------ Material provided ------

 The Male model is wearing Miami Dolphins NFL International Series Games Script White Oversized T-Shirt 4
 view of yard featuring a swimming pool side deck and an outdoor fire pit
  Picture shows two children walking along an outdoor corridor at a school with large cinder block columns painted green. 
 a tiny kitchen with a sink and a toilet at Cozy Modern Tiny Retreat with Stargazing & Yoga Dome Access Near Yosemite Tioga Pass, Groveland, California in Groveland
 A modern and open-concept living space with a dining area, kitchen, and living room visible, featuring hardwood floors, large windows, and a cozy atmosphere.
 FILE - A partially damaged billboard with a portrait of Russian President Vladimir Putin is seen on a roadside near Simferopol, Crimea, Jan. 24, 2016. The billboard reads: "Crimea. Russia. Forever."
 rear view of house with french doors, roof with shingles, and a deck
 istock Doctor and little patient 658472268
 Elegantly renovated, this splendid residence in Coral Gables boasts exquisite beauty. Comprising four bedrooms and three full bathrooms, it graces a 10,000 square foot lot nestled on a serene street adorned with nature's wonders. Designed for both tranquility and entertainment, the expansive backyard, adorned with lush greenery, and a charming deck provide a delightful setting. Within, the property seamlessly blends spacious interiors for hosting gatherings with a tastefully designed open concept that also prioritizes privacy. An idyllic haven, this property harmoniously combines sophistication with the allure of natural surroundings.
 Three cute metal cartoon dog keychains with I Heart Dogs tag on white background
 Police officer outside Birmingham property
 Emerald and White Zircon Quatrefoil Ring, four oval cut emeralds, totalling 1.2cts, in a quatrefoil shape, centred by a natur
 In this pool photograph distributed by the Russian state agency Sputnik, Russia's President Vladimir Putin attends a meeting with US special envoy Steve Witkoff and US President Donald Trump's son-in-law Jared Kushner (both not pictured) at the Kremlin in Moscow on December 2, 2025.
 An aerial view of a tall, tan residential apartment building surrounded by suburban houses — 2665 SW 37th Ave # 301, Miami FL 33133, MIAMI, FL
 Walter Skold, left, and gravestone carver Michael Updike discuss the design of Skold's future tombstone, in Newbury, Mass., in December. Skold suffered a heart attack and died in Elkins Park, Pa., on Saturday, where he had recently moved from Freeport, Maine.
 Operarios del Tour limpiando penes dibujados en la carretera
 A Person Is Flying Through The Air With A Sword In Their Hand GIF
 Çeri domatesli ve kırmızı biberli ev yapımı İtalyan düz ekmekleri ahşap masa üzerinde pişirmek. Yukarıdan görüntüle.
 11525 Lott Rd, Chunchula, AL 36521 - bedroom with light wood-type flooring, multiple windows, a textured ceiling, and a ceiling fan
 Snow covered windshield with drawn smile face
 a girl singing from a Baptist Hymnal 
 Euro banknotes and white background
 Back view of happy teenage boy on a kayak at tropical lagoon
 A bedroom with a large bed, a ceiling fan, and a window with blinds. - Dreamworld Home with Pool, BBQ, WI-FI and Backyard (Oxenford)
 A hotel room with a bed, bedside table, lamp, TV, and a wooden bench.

------

▶ [Exercise directions]
Show each line in the data where the string "Putin" appears.

▶ [Answer section]
 FILE - A partially damaged billboard with a portrait of Russian President Vladimir Putin is seen on a roadside near Simferopol, Crimea, Jan. 24, 2016. The billboard reads: "Crimea. Russia. Forever."
 In this pool photograph distributed by the Russian state agency Sputnik, Russia's President Vladimir Putin attends a meeting with US special envoy Steve Witkoff and US President Donald Trump's son-in-law Jared Kushner (both not pictured) at the Kremlin in Moscow on December 2, 2025.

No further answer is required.